A new ‘management payment’ under the Sustainable Farming Incentive is hoped to drive uptake, while Countryside Stewardship payments will also increase.

The news was announced by UK farming minister Mark Spencer on January 6, 2023 at the Oxford Farming Conference.

Farmers who are part of the Sustainable Farming Incentive scheme can get up to £1,000 (US$1,200) per year, or £20/ha (US$24) up to 50 hectares of land. This will be paid on top of existing rates offered for ‘nature-friendly action’ undertaken on farm. Payments will be backdated to the start of an SFI agreement.

The payment has been designed to boost participation and attract smaller businesses, particularly tenant farmers, who are under-represented in the scheme.

Meanwhile, farmers with a Countryside Stewardship agreement will see an average increase of 10% to their revenue payment rates, according to the minister. The scheme covers a range of activities including habitat management.
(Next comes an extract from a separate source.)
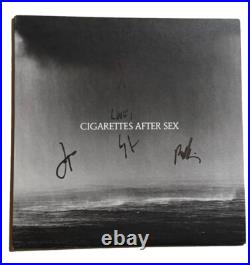 Cigarettes After Sex Full Band Signed Vinyl Album Lp Record Autographed Rare Coa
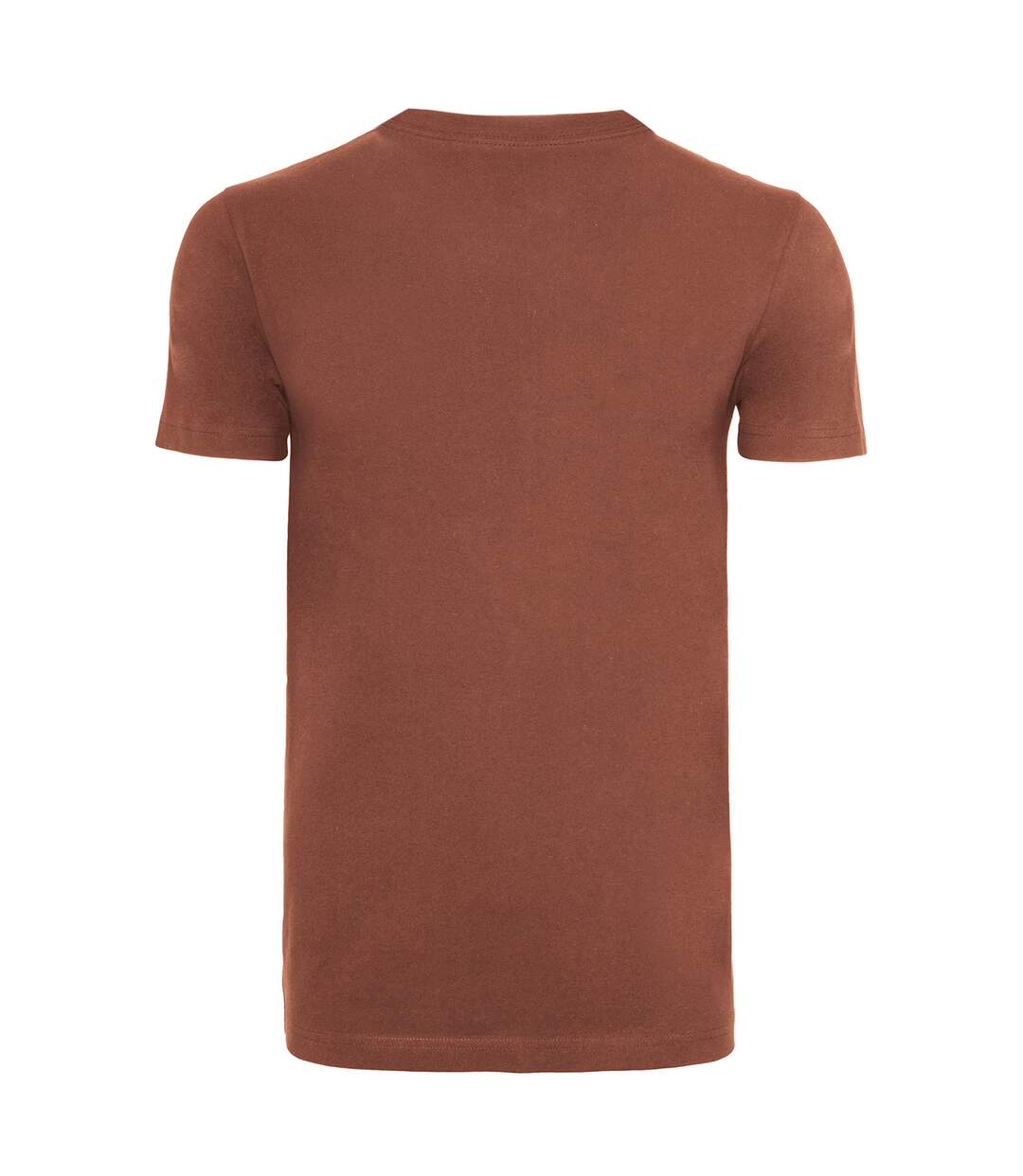 T-shirt à col rond homme marron Build your Brand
Defra is also updating the capital payment rates, designed to cover one-off projects, by an average of 48%. Applications for these grants are open until January 25, 2023.

'Too little, too late'

The minister would hope that the changes announced today would go some way towards appeasing farmers who had previously called the payment rates ‘woefully low’. Whether an extra £20/ha would be enough to entice more participants into SFI remains to be seen, but action had to be taken after it was revealed last November that there were around 2,500 SFI applications that had been started but not completed, and only around 1,100 approvals from a total of about 1,500 since July 2022 (see our report from November 28, 2022 for more details).

Attracting more tenant farmers into the SFI fold would also be key for the scheme’s perceived success. The government says SFI has been designed ‘firmly’ with tenant farmers in mind thanks to shorter, three-year agreements and by allowing tenants to enter into the scheme without landlord consent.

The continued lack of an expanded set of standards would be more frustrating, however. While Spencer has promised that this information is coming ‘soon’, it won't be the first time that the deadline is pushed back.

The National Farmers Union vice-president David Exwood called the lack of clarity ‘hugely frustrating’, warning that the government ‘risks being too little, too late, especially given the current economic challenges we are experiencing and the rapid erosion of direct payments’.

“It is hugely frustrating that nearly five years on from Defra’s Health and Harmony consultation, which set farming in England on a path towards public goods for public payments, we still only have three standards available for the SFI,” Exwood said. “It’s a sad reflection of the scheme’s progress and development that NFU members know more about what they will lose in direct payments than what they will gain from taking part in these new schemes.”

There is however a published list of the new payment rates under the Countryside Stewardship scheme for England, which the government says have gone up by an average of 10%. The list can be found via the gov.uk website.